■ WORK REQUEST ■
Print the listing below exactly, leaving nothing out.

■ DATA UNDER STUDY ■
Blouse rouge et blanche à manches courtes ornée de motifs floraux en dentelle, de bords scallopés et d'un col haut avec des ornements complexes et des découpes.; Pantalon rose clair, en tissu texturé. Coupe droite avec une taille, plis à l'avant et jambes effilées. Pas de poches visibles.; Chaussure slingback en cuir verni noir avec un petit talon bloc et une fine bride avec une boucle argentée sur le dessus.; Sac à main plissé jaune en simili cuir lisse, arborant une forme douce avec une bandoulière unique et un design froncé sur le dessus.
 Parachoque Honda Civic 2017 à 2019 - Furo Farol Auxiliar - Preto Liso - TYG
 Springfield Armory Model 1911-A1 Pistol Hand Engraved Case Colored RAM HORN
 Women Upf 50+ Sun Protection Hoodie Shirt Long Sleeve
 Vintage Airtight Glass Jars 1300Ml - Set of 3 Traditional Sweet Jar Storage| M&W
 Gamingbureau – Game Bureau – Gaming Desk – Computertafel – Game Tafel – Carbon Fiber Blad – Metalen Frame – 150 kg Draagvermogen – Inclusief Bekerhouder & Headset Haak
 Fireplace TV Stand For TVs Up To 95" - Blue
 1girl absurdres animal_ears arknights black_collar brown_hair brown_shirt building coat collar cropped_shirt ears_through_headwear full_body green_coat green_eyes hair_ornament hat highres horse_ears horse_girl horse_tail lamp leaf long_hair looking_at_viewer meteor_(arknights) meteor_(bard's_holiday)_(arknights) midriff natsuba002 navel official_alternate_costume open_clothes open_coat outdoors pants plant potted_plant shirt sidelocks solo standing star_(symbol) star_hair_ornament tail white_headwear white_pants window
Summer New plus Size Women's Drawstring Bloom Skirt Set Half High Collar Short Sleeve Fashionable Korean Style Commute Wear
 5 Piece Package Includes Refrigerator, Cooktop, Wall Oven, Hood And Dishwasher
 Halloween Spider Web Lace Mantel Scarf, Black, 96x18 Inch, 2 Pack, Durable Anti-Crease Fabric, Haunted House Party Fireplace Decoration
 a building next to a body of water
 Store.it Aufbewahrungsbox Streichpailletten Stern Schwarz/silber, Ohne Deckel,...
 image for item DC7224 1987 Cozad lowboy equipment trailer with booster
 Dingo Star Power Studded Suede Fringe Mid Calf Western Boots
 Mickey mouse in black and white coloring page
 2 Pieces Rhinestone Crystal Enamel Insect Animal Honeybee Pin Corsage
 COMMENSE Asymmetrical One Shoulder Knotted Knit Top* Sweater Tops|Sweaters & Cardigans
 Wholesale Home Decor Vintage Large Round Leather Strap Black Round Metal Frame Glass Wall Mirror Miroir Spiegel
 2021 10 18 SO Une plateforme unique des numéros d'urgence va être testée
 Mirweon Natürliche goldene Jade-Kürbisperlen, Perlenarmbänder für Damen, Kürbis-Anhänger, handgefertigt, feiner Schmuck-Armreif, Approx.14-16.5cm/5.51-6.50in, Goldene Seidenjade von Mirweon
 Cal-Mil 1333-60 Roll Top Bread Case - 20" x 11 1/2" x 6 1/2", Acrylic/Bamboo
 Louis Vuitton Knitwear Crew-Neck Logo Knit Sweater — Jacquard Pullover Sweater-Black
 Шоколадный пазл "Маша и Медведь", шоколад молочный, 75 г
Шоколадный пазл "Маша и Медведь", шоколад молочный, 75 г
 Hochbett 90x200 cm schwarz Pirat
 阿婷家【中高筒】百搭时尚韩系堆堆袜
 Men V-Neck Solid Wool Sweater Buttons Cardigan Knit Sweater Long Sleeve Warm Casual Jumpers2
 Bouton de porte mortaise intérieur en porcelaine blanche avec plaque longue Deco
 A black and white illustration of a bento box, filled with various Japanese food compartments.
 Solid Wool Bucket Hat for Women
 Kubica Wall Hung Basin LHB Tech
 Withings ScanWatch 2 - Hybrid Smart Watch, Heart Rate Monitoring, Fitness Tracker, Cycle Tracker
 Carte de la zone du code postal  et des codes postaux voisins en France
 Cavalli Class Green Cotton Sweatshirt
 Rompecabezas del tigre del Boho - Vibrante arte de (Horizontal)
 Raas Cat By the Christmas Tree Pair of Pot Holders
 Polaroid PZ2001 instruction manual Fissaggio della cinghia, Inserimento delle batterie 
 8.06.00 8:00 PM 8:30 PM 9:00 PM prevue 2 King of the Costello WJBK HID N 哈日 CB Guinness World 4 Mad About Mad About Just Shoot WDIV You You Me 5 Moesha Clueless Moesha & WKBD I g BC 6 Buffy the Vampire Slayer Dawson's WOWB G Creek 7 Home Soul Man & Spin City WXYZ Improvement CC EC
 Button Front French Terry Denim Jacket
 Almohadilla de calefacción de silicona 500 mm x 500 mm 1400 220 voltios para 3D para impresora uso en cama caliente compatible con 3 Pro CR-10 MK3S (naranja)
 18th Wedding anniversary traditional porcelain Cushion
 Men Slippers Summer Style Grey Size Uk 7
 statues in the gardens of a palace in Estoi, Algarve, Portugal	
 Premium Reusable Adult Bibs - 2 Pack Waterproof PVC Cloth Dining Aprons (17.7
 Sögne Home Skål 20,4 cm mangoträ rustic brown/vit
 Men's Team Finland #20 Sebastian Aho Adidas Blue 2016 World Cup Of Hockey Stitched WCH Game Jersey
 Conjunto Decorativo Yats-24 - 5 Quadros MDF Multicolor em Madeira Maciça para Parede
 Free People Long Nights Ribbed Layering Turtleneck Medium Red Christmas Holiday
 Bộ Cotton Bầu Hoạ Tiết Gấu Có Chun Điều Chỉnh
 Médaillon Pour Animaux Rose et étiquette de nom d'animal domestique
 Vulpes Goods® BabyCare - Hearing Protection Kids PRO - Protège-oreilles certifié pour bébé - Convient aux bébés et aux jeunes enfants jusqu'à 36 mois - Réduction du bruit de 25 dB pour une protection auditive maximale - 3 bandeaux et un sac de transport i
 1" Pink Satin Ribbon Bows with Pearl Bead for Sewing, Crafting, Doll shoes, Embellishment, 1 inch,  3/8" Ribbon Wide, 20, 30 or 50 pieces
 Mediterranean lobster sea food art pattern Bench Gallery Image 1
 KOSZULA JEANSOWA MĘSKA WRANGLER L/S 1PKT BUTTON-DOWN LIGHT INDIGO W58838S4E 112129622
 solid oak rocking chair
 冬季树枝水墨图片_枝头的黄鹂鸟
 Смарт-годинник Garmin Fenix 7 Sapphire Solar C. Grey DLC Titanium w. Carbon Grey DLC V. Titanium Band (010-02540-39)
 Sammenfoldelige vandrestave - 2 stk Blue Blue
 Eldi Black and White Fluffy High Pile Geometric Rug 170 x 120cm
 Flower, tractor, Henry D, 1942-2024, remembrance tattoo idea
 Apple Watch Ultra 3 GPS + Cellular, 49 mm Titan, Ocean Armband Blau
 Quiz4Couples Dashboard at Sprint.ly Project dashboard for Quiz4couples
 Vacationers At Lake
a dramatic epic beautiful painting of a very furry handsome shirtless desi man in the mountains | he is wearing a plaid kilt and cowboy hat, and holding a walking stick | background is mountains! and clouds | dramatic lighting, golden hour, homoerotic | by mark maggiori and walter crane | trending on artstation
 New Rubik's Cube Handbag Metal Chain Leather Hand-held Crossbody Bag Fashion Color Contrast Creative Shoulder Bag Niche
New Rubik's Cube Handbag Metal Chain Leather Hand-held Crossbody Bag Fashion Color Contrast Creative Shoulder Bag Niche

■ SOLUTION TO THE EXERCISE ■
Blouse rouge et blanche à manches courtes ornée de motifs floraux en dentelle, de bords scallopés et d'un col haut avec des ornements complexes et des découpes.; Pantalon rose clair, en tissu texturé. Coupe droite avec une taille, plis à l'avant et jambes effilées. Pas de poches visibles.; Chaussure slingback en cuir verni noir avec un petit talon bloc et une fine bride avec une boucle argentée sur le dessus.; Sac à main plissé jaune en simili cuir lisse, arborant une forme douce avec une bandoulière unique et un design froncé sur le dessus.
 Parachoque Honda Civic 2017 à 2019 - Furo Farol Auxiliar - Preto Liso - TYG
 Springfield Armory Model 1911-A1 Pistol Hand Engraved Case Colored RAM HORN
 Women Upf 50+ Sun Protection Hoodie Shirt Long Sleeve
 Vintage Airtight Glass Jars 1300Ml - Set of 3 Traditional Sweet Jar Storage| M&W
 Gamingbureau – Game Bureau – Gaming Desk – Computertafel – Game Tafel – Carbon Fiber Blad – Metalen Frame – 150 kg Draagvermogen – Inclusief Bekerhouder & Headset Haak
 Fireplace TV Stand For TVs Up To 95" - Blue
 1girl absurdres animal_ears arknights black_collar brown_hair brown_shirt building coat collar cropped_shirt ears_through_headwear full_body green_coat green_eyes hair_ornament hat highres horse_ears horse_girl horse_tail lamp leaf long_hair looking_at_viewer meteor_(arknights) meteor_(bard's_holiday)_(arknights) midriff natsuba002 navel official_alternate_costume open_clothes open_coat outdoors pants plant potted_plant shirt sidelocks solo standing star_(symbol) star_hair_ornament tail white_headwear white_pants window
Summer New plus Size Women's Drawstring Bloom Skirt Set Half High Collar Short Sleeve Fashionable Korean Style Commute Wear
 5 Piece Package Includes Refrigerator, Cooktop, Wall Oven, Hood And Dishwasher
 Halloween Spider Web Lace Mantel Scarf, Black, 96x18 Inch, 2 Pack, Durable Anti-Crease Fabric, Haunted House Party Fireplace Decoration
 a building next to a body of water
 Store.it Aufbewahrungsbox Streichpailletten Stern Schwarz/silber, Ohne Deckel,...
 image for item DC7224 1987 Cozad lowboy equipment trailer with booster
 Dingo Star Power Studded Suede Fringe Mid Calf Western Boots
 Mickey mouse in black and white coloring page
 2 Pieces Rhinestone Crystal Enamel Insect Animal Honeybee Pin Corsage
 COMMENSE Asymmetrical One Shoulder Knotted Knit Top* Sweater Tops|Sweaters & Cardigans
 Wholesale Home Decor Vintage Large Round Leather Strap Black Round Metal Frame Glass Wall Mirror Miroir Spiegel
 2021 10 18 SO Une plateforme unique des numéros d'urgence va être testée
 Mirweon Natürliche goldene Jade-Kürbisperlen, Perlenarmbänder für Damen, Kürbis-Anhänger, handgefertigt, feiner Schmuck-Armreif, Approx.14-16.5cm/5.51-6.50in, Goldene Seidenjade von Mirweon
 Cal-Mil 1333-60 Roll Top Bread Case - 20" x 11 1/2" x 6 1/2", Acrylic/Bamboo
 Louis Vuitton Knitwear Crew-Neck Logo Knit Sweater — Jacquard Pullover Sweater-Black
 Шоколадный пазл "Маша и Медведь", шоколад молочный, 75 г
Шоколадный пазл "Маша и Медведь", шоколад молочный, 75 г
 Hochbett 90x200 cm schwarz Pirat
 阿婷家【中高筒】百搭时尚韩系堆堆袜
 Men V-Neck Solid Wool Sweater Buttons Cardigan Knit Sweater Long Sleeve Warm Casual Jumpers2
 Bouton de porte mortaise intérieur en porcelaine blanche avec plaque longue Deco
 A black and white illustration of a bento box, filled with various Japanese food compartments.
 Solid Wool Bucket Hat for Women
 Kubica Wall Hung Basin LHB Tech
 Withings ScanWatch 2 - Hybrid Smart Watch, Heart Rate Monitoring, Fitness Tracker, Cycle Tracker
 Carte de la zone du code postal  et des codes postaux voisins en France
 Cavalli Class Green Cotton Sweatshirt
 Rompecabezas del tigre del Boho - Vibrante arte de (Horizontal)
 Raas Cat By the Christmas Tree Pair of Pot Holders
 Polaroid PZ2001 instruction manual Fissaggio della cinghia, Inserimento delle batterie 
 8.06.00 8:00 PM 8:30 PM 9:00 PM prevue 2 King of the Costello WJBK HID N 哈日 CB Guinness World 4 Mad About Mad About Just Shoot WDIV You You Me 5 Moesha Clueless Moesha & WKBD I g BC 6 Buffy the Vampire Slayer Dawson's WOWB G Creek 7 Home Soul Man & Spin City WXYZ Improvement CC EC
 Button Front French Terry Denim Jacket
 Almohadilla de calefacción de silicona 500 mm x 500 mm 1400 220 voltios para 3D para impresora uso en cama caliente compatible con 3 Pro CR-10 MK3S (naranja)
 18th Wedding anniversary traditional porcelain Cushion
 Men Slippers Summer Style Grey Size Uk 7
 statues in the gardens of a palace in Estoi, Algarve, Portugal	
 Premium Reusable Adult Bibs - 2 Pack Waterproof PVC Cloth Dining Aprons (17.7
 Sögne Home Skål 20,4 cm mangoträ rustic brown/vit
 Men's Team Finland #20 Sebastian Aho Adidas Blue 2016 World Cup Of Hockey Stitched WCH Game Jersey
 Conjunto Decorativo Yats-24 - 5 Quadros MDF Multicolor em Madeira Maciça para Parede
 Free People Long Nights Ribbed Layering Turtleneck Medium Red Christmas Holiday
 Bộ Cotton Bầu Hoạ Tiết Gấu Có Chun Điều Chỉnh
 Médaillon Pour Animaux Rose et étiquette de nom d'animal domestique
 Vulpes Goods® BabyCare - Hearing Protection Kids PRO - Protège-oreilles certifié pour bébé - Convient aux bébés et aux jeunes enfants jusqu'à 36 mois - Réduction du bruit de 25 dB pour une protection auditive maximale - 3 bandeaux et un sac de transport i
 1" Pink Satin Ribbon Bows with Pearl Bead for Sewing, Crafting, Doll shoes, Embellishment, 1 inch,  3/8" Ribbon Wide, 20, 30 or 50 pieces
 Mediterranean lobster sea food art pattern Bench Gallery Image 1
 KOSZULA JEANSOWA MĘSKA WRANGLER L/S 1PKT BUTTON-DOWN LIGHT INDIGO W58838S4E 112129622
 solid oak rocking chair
 冬季树枝水墨图片_枝头的黄鹂鸟
 Смарт-годинник Garmin Fenix 7 Sapphire Solar C. Grey DLC Titanium w. Carbon Grey DLC V. Titanium Band (010-02540-39)
 Sammenfoldelige vandrestave - 2 stk Blue Blue
 Eldi Black and White Fluffy High Pile Geometric Rug 170 x 120cm
 Flower, tractor, Henry D, 1942-2024, remembrance tattoo idea
 Apple Watch Ultra 3 GPS + Cellular, 49 mm Titan, Ocean Armband Blau
 Quiz4Couples Dashboard at Sprint.ly Project dashboard for Quiz4couples
 Vacationers At Lake
a dramatic epic beautiful painting of a very furry handsome shirtless desi man in the mountains | he is wearing a plaid kilt and cowboy hat, and holding a walking stick | background is mountains! and clouds | dramatic lighting, golden hour, homoerotic | by mark maggiori and walter crane | trending on artstation
 New Rubik's Cube Handbag Metal Chain Leather Hand-held Crossbody Bag Fashion Color Contrast Creative Shoulder Bag Niche
New Rubik's Cube Handbag Metal Chain Leather Hand-held Crossbody Bag Fashion Color Contrast Creative Shoulder Bag Niche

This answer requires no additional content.